Con Diya, Achille Ronaimou ritrae la realtà del Ciad con l’attenzione tipica di un antropologo. Usi, rituali ed etnie emergono come ossatura viva del racconto senza mai sfociare in facili giudizi morali. Ciò è permesso soprattutto da una sceneggiatura misurata, lontana da una rozza spettacolarizzazione del dramma. La tensione non nasce da semplici esplosioni di violenza, ma dal cadenzato accumulo di fallimenti e umiliazioni che ingabbiano progressivamente i personaggi. Pur mantenendo per tutta la sua durata un tono realistico e verosimile, il film a tratti esagera nel tentativo di mantenere alta l’attenzione, finendo per introdurre un colpo di scena in parte forzato nel suo climax finale.

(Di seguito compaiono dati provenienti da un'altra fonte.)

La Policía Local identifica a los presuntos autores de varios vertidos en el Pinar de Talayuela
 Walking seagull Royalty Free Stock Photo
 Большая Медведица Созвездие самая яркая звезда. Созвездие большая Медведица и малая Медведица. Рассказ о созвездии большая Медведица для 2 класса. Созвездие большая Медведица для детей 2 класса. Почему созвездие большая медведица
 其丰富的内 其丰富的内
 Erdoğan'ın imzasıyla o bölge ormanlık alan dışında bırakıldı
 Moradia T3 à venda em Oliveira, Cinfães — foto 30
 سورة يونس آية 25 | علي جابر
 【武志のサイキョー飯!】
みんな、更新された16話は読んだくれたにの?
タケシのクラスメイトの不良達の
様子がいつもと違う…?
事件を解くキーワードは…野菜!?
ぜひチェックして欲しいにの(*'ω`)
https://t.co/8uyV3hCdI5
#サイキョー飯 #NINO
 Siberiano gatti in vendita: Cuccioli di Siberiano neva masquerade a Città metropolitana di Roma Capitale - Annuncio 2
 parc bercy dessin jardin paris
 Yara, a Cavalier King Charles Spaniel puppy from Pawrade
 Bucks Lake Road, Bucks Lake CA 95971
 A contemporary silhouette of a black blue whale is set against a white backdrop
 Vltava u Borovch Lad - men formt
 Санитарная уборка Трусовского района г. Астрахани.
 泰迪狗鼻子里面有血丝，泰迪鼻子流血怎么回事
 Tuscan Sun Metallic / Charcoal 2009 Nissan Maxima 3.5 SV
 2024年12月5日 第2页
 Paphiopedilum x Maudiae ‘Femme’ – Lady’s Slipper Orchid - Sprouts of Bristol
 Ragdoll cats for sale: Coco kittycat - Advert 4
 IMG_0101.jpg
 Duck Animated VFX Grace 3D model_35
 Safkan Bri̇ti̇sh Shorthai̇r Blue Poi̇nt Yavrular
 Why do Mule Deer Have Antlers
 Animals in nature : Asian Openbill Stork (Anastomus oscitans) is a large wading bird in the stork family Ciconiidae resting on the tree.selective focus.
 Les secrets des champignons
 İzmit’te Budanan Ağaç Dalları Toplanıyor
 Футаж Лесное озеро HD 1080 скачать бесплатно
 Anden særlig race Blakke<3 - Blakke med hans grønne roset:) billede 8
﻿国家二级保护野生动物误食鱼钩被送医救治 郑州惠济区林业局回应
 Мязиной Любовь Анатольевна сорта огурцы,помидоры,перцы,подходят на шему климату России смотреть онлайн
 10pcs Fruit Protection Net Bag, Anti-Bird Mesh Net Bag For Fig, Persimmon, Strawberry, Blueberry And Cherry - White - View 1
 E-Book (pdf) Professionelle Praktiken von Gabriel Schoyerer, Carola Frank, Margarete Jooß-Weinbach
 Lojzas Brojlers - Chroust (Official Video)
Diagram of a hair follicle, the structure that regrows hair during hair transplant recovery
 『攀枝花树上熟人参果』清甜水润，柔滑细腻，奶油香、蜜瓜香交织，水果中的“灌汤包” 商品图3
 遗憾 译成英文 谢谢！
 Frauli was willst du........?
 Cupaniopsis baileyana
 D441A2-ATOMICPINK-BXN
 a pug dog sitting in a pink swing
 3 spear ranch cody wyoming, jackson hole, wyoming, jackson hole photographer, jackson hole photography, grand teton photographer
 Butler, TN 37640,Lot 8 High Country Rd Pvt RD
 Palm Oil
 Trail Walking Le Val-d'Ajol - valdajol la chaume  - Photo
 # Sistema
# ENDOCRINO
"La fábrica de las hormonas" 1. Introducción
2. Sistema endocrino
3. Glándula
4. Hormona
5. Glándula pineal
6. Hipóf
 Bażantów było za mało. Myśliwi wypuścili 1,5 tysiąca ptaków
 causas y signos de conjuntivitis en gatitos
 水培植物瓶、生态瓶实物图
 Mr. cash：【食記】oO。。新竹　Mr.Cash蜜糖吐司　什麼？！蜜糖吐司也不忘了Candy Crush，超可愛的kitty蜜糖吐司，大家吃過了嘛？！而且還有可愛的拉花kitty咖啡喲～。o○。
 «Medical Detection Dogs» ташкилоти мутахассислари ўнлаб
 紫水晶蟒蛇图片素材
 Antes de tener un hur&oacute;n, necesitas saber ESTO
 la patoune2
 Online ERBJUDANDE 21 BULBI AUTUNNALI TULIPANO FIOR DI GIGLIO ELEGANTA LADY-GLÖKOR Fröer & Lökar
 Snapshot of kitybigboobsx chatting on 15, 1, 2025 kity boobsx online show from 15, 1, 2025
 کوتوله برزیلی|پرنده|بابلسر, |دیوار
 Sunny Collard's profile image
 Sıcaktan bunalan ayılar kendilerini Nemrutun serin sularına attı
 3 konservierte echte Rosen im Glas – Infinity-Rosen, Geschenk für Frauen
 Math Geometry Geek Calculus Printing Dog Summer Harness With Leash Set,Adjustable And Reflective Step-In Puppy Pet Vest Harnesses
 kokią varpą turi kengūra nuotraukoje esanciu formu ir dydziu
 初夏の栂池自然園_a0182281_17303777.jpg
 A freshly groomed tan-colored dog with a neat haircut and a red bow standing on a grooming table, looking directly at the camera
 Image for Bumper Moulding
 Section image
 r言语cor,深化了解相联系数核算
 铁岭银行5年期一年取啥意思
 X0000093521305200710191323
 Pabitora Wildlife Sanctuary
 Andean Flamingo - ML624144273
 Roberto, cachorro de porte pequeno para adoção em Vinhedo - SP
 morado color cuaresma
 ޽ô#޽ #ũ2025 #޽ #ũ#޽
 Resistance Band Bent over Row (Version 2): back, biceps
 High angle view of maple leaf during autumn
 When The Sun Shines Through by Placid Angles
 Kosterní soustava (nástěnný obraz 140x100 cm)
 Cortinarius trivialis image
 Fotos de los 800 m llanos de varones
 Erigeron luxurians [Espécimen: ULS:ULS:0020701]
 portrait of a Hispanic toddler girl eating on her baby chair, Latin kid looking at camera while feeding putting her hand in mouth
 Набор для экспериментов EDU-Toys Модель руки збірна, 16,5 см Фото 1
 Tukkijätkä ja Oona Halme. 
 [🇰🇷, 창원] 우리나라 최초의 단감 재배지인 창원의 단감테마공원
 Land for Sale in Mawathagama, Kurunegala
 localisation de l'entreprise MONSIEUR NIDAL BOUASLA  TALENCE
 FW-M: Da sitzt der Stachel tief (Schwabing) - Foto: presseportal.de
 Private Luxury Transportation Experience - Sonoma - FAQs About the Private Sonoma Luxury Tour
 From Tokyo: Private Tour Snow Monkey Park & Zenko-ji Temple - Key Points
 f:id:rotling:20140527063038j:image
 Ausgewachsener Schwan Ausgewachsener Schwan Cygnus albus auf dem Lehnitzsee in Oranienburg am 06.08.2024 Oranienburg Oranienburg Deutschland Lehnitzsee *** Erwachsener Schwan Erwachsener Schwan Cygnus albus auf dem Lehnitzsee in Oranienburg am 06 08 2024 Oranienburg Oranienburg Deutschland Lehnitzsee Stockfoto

Teatro della tragedia sono le aride strade di una N’Djamena soffocante, allegoria del caotico isolamento e della vulnerabilità che ogni giorno gravano sui ciadiani. Ronaimou sfrutta con intelligenza la complessa mappatura culturale del Paese, trasformandola nella fotografia di una dialettica endemica tra modernità e tradizione che attraversa indistintamente chiunque lo abiti. Dane è un uomo lacerato tanto dalle proprie azioni quanto dalle leggi non scritte del suo popolo. In questo ruolo, Ferdinand Mbaïssané si esprime con grande tatto e profondità, rendendo tutte le sfumature del dolore senza mai risultare artificioso o caricaturale. Meno fortunato è invece Youssouf Djaoro, sacrificato da una scrittura più interessata a farne l’emblema di un’irreprensibile norma culturale che a ritrarlo davvero come un padre. Al contrario Moussaka Zakaria Ibet è ottimo nei panni di Oumaru: con perizia costruisce un antieroe emarginato e vinto, incarnazione tesa e credibile di una disperata criminalità di sussistenza.

Diya è un film capace di indagare nell’immobilismo dei mores, mostrando come un singolo errore possa spalancare un abisso in cui giustizia e delitto si confondono. Ronaimou non offre riscatto né condanna, ma osserva l’irriducibile complessità dell’umano, lasciando allo spettatore un’inquietudine difficile da scrollarsi di dosso.